Salah satu penampil dari Rejowinangun, Kotagede Yogyakarta bernama Sanggar Sari Budoyo menampilkan tarian Edan-edanan.
Dwi, salah satu penari Edan-edanan yang hadir dalam pawai tersebut mengatakan, tarian yang mereka bawakan saat itu memang tarian khusus yang ditampilkan untuk pembukaan sebuah acara seperti pernikahan dan lain sebagainya.
"Tari Edan-edanan itu bermakna mencari jalan atau membuka jalan, maka dari itu tarian ini selalu ditampilkan pada pembukaan sebuah acara," ungkap Dwi.
Festival Kesenian Yogyakarta. (Tribun Jogja)
Ia mengatakan, dari tata riasnya pun tidak memperlihatkan sebuah kecantikan atau ketampanan seorang manusia, namun dari make up yang ditampilkan pun mencirikan sebuah kegilaan dari seorang manusia.
Dalam pawai kali ini, Sanggar Sari Budoyo membawa sebanyak 70 penari yang menunjukan kreasi seni tarinya kepada masyarakat Yogyakarta.
Tak kalah menariknya dengan Sanggar Sari Budoyo.
Para siswa SMKN 1 Yogyakarta, yang tergabung dalam Teater Smero sempat menjadi pusat perhatian para pengunjung yang hadir dalam pawai tersebut.
Mereka datang dengan membawa 80 orang penampil yang semuanya anggotanya adalah perempuan.
Tulis Semero, pelatih sekaligus guru dari para anggota Teater Smero mengatakan, mereka tidak mengetahui apa nama tarian yang mereka bawakan saat itu.

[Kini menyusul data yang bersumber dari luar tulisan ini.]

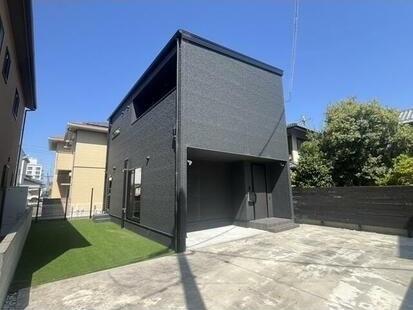 松山市竹原３丁目の中古一戸建て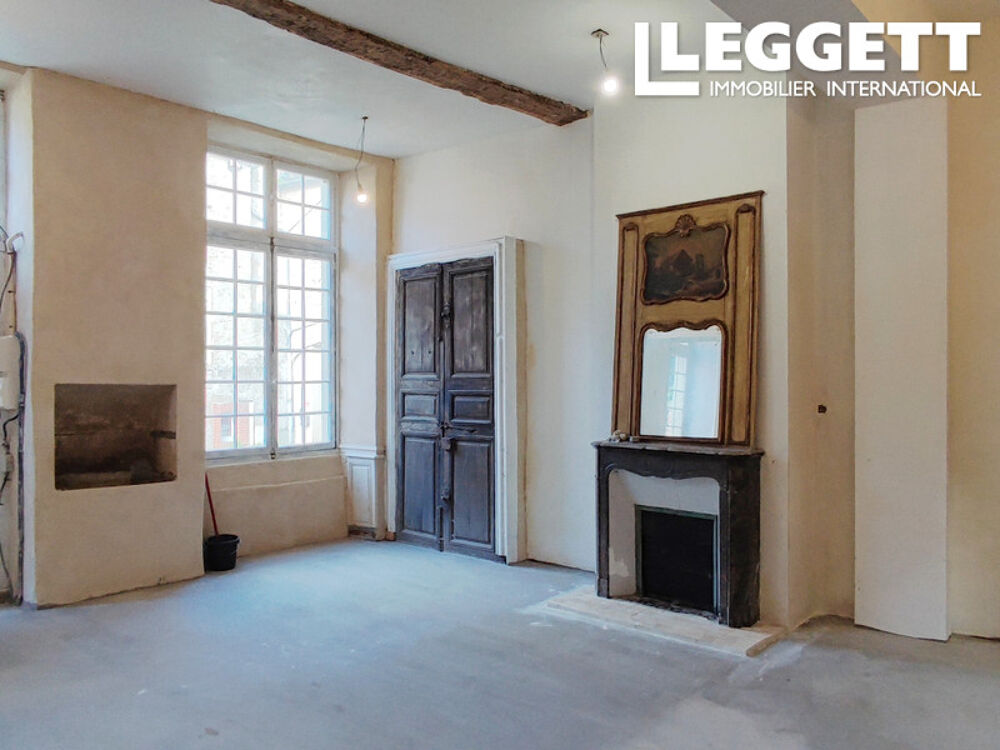 Carentan centre ville, 2 maison de ville historique dans une cour, à finir pour vivre.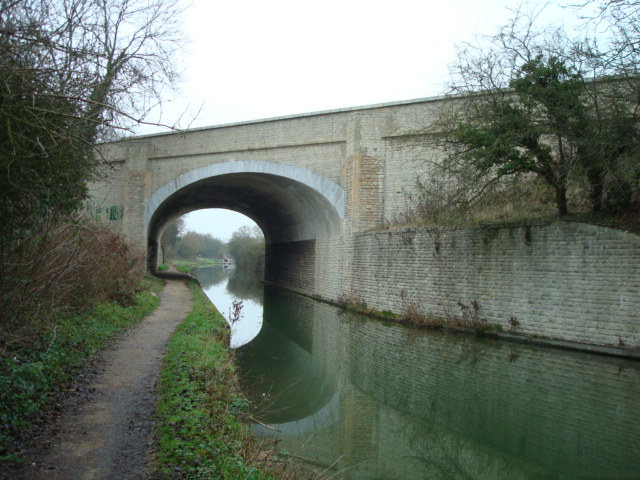 File:A40 from Oxford Canal looking north - Coppermine - 16234.jpg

Walaupun begitu, para anggotanya menari dengan sangat gokil dan mencuri perhatian para pengunjung yang datang dalam acara itu.
"Yang jelas, kami di sini ingin menghibur dengan sebuah tarian dan disisipi nyanyian-nyanyian yang berisi tentang kritik Yogyakarta berhati nyaman, lantaran belakangan banyak sekali perilaku masyarakat yang membuat Yogyakarta ini terkesan tak nyaman," ujar Tulis.
Ia mengatakan, contoh kasus seperti narkoba yang meraja lela, tawuran dan segala hal yang membuat resah kerap terjadi di Yogyakarta.
Maka dari itu, selain menarikan tarian yang tak bernama, mereka pun menyanyikan lagu yang sudah terkenal seperti tembanh goyang dumang dan mereka ubah isi liriknya lagunya.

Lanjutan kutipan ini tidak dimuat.